* _Data_:

- Opening Delimiter -

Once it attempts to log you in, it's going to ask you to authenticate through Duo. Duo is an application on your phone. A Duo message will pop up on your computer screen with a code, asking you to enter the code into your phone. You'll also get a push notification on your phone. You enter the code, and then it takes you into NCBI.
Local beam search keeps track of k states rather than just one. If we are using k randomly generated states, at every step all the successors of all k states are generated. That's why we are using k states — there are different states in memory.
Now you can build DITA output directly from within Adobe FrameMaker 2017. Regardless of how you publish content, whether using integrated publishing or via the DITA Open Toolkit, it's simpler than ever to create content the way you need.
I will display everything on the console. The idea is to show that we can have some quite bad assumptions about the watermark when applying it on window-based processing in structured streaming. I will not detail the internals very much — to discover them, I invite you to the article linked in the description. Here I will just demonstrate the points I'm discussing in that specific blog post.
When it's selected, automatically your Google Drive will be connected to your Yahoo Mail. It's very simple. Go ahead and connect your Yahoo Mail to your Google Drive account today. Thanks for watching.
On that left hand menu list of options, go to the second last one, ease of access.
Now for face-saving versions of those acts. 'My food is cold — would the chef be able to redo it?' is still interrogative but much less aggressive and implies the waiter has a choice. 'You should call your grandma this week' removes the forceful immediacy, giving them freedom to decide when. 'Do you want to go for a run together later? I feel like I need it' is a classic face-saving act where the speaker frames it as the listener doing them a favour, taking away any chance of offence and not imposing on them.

- Closing Delimiter -
- Opening Delimiter -

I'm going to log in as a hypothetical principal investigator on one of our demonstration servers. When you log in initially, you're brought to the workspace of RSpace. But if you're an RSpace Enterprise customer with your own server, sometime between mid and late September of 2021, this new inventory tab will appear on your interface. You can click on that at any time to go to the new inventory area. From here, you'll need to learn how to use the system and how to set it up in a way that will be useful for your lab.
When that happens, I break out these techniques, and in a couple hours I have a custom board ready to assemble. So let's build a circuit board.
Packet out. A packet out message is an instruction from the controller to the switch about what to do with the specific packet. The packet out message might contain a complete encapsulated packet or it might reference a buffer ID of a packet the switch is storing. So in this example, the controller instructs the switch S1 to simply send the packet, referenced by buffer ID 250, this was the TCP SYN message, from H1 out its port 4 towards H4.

- Closing Delimiter -

* _Instructions to follow_:
Look above for the line with "Once it attempts" and the line with "On that left". Retype those two lines and every line between them exactly, adding nothing.

* _The completed task_:
Once it attempts to log you in, it's going to ask you to authenticate through Duo. Duo is an application on your phone. A Duo message will pop up on your computer screen with a code, asking you to enter the code into your phone. You'll also get a push notification on your phone. You enter the code, and then it takes you into NCBI.
Local beam search keeps track of k states rather than just one. If we are using k randomly generated states, at every step all the successors of all k states are generated. That's why we are using k states — there are different states in memory.
Now you can build DITA output directly from within Adobe FrameMaker 2017. Regardless of how you publish content, whether using integrated publishing or via the DITA Open Toolkit, it's simpler than ever to create content the way you need.
I will display everything on the console. The idea is to show that we can have some quite bad assumptions about the watermark when applying it on window-based processing in structured streaming. I will not detail the internals very much — to discover them, I invite you to the article linked in the description. Here I will just demonstrate the points I'm discussing in that specific blog post.
When it's selected, automatically your Google Drive will be connected to your Yahoo Mail. It's very simple. Go ahead and connect your Yahoo Mail to your Google Drive account today. Thanks for watching.
On that left hand menu list of options, go to the second last one, ease of access.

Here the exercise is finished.